With attracting new members at the top of every club’s strategic agenda, having an abundance of up-and-coming management talent will help to keep the industry relevant.
We went to press with our March issue just before heading off to San Francisco and Seattle, for two events that have had remarkable growth over the past 10 years, in step with the development of our publication and the C&RB brand. And how those events (and we) have grown also says a lot about good things that are happening in the club industry, and why its future looks bright.
In San Francisco, C&RB was once again part of hosting the Excellence in Club Management (ECM) Awards dinner, as a co-sponsor with the McMahon Group. This event is always held in conjunction with the Club Managers Association of America’s annual conference—and while there are many gala events that compete for managers’ time and attention when they gather for their yearly meeting, it has been gratifying to see how attendance at the ECM Awards dinner has swelled each year, to where it is now clearly established as one of the highlights and must-attend functions of the week.
Once again, the managers honored at this year’s ECM dinner make up another stellar group of the “best of the best,” and we’ll present profiles of each of them and what they’ve achieved at their clubs in upcoming issues of C&RB throughout the rest of this year.
One of my favorite parts of the Awards is the “Rising Star” recognition for assistant managers, and this year we have especially strong representation in that category, with two assistant GMs—Brian Baldwin of Baltusrol Golf Club and Anne Stryhn of The Country Club of Virginia—sharing the “Rising Star” honors.
While C&RB and the McMahon Group are not involved with the judging for any of the ECM Awards—all of that is done by an elite peer group of top club managers—we do see reports on the full extent of nominations. And this year, the “Rising Star” group was well-populated with many other worthy candidates.

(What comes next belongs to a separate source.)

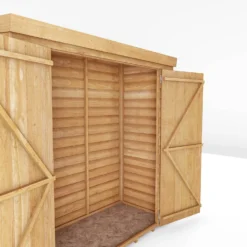 Mercia 6 X 2ft 6in Overlap Pent Storage Shed - Incl. Installation 15 Mercia 6 X 2ft 6in Overlap Pent Storage Shed - Incl. Installation -Elise Bloom 12825552 2914989186687879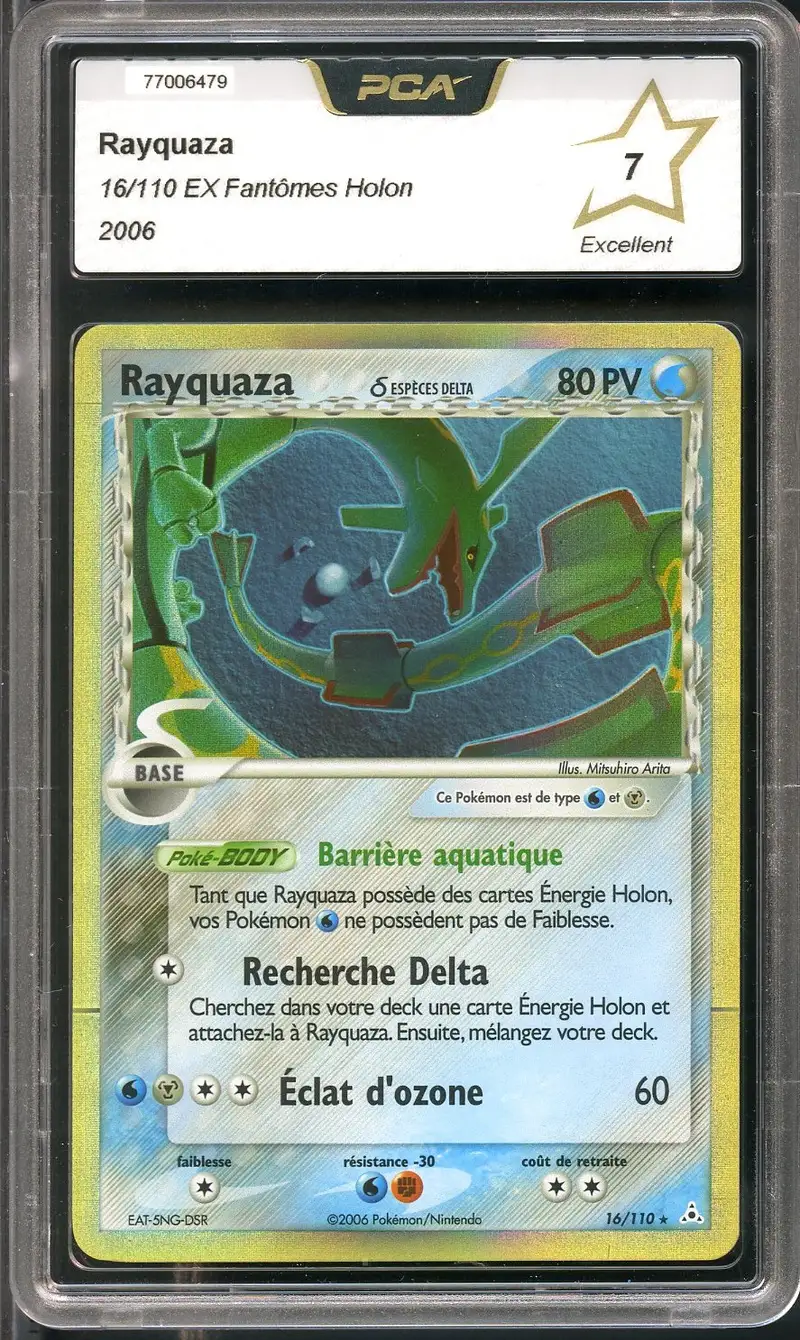 PCA 7 Rayquaza Holo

All of this can mean nothing but good things for the club industry. With so much up-and-coming talent being mentored by the managers who earn their own honors through the other ECM categories, the future of our business is clearly in good hands. We have already seen many who earned “Rising Star” recognition in previous years ascend to, and then thrive in, top management positions of leading clubs, and all signs point to this continuing. And with attracting new members at the top of every club’s strategic agenda, that can only help to ensure that the industry will stay fresh and relevant.
After San Francisco we moved right on to Seattle, for C&RB’s 2018 Chef to Chef Conference. This marked the 10th anniversary of our Conference, and its growth from some 70 attendees at the first one in Las Vegas in 2009, to several straight years now of sellout attendance with over 200 chef attendees, has mirrored the fast-growing importance of club food-and-beverage programs.
It’s been especially heartening to see how many clubs have felt that sending their chefs to our Conference year after year is an important part of their ongoing career development, to not only help them stay on top of culinary trends and best practices, but also to form a strong peer-support group, through the networking that is one of Chef to Chef’s primary benefits.
This year in Seattle, in fact, we awarded nearly 70 chefs with “five-year pins,” to honor them for having attended at least half of the Conferences to date. It’s also been great to see how Chef to Chef has become truly a national event—this year’s attendance in Seattle included chefs from 36 different states, as well as Canada.